Information shown ->
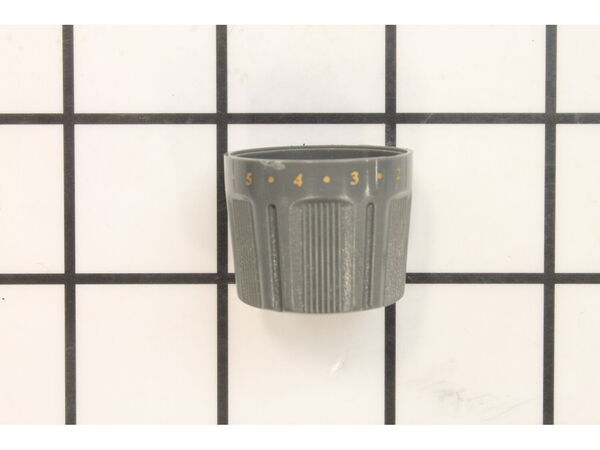 18248809-1-M-Abu Garcia-1081561-Drag Knob Mx130R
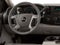 2010 GMC Sierra 2500HD SLE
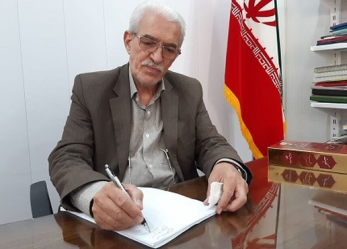 مقدم: قدرت بازدارندگی ایران ریشه در ایمان، دانش و اتحاد دارد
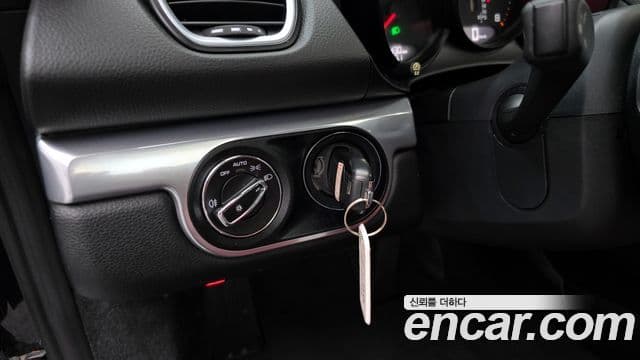 Porsche 718 Boxster, 2019 16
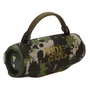 JBL Charge 6 Altavoz Portátil Bluetooth 45W Verde Camuflaje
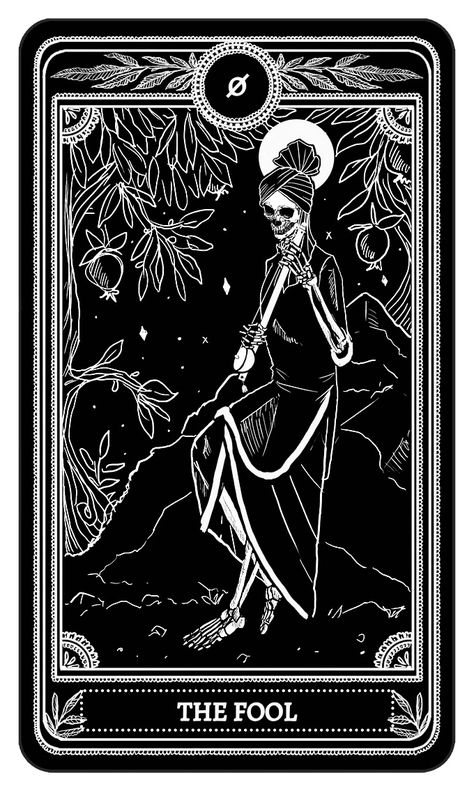 Tarot Cards Art Illustration, Esoteric Art, Witchy Wallpaper, Card Tattoo, Tarot Cards Art, Edgy Wallpaper, Tarot Art, Vintage Poster Art, Avril Lavigne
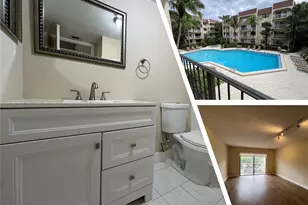 9301 SW 92nd Ave, Miami, FL 33176 - Photo 1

Exercise prompt -> An exact printout of the listing is needed, minus any pictures it contains.

The answer ->
 18248809-1-M-Abu Garcia-1081561-Drag Knob Mx130R
 2010 GMC Sierra 2500HD SLE
 مقدم: قدرت بازدارندگی ایران ریشه در ایمان، دانش و اتحاد دارد
 Porsche 718 Boxster, 2019 16
 JBL Charge 6 Altavoz Portátil Bluetooth 45W Verde Camuflaje
 Tarot Cards Art Illustration, Esoteric Art, Witchy Wallpaper, Card Tattoo, Tarot Cards Art, Edgy Wallpaper, Tarot Art, Vintage Poster Art, Avril Lavigne
 9301 SW 92nd Ave, Miami, FL 33176 - Photo 1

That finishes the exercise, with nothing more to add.